*Instructions to follow*
Return the full listing exactly as it is written.

*Data for analysis*
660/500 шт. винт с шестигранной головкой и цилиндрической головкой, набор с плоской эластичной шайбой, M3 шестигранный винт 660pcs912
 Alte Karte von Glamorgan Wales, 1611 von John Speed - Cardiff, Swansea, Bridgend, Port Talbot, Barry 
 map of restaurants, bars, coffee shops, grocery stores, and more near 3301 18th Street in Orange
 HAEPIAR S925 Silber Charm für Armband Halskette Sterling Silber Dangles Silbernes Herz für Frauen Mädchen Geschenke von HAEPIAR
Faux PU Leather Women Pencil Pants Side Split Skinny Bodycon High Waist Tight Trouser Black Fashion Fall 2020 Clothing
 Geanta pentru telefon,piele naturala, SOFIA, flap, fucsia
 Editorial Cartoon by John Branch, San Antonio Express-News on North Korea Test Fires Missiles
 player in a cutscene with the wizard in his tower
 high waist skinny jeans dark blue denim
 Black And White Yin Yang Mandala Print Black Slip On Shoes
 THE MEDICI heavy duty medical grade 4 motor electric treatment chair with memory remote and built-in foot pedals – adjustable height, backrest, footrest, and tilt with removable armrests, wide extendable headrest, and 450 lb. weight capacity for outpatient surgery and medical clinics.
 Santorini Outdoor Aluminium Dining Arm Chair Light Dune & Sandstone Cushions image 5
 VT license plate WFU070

*Answer to the exercise*
660/500 шт. винт с шестигранной головкой и цилиндрической головкой, набор с плоской эластичной шайбой, M3 шестигранный винт 660pcs912
 Alte Karte von Glamorgan Wales, 1611 von John Speed - Cardiff, Swansea, Bridgend, Port Talbot, Barry 
 map of restaurants, bars, coffee shops, grocery stores, and more near 3301 18th Street in Orange
 HAEPIAR S925 Silber Charm für Armband Halskette Sterling Silber Dangles Silbernes Herz für Frauen Mädchen Geschenke von HAEPIAR
Faux PU Leather Women Pencil Pants Side Split Skinny Bodycon High Waist Tight Trouser Black Fashion Fall 2020 Clothing
 Geanta pentru telefon,piele naturala, SOFIA, flap, fucsia
 Editorial Cartoon by John Branch, San Antonio Express-News on North Korea Test Fires Missiles
 player in a cutscene with the wizard in his tower
 high waist skinny jeans dark blue denim
 Black And White Yin Yang Mandala Print Black Slip On Shoes
 THE MEDICI heavy duty medical grade 4 motor electric treatment chair with memory remote and built-in foot pedals – adjustable height, backrest, footrest, and tilt with removable armrests, wide extendable headrest, and 450 lb. weight capacity for outpatient surgery and medical clinics.
 Santorini Outdoor Aluminium Dining Arm Chair Light Dune & Sandstone Cushions image 5
 VT license plate WFU070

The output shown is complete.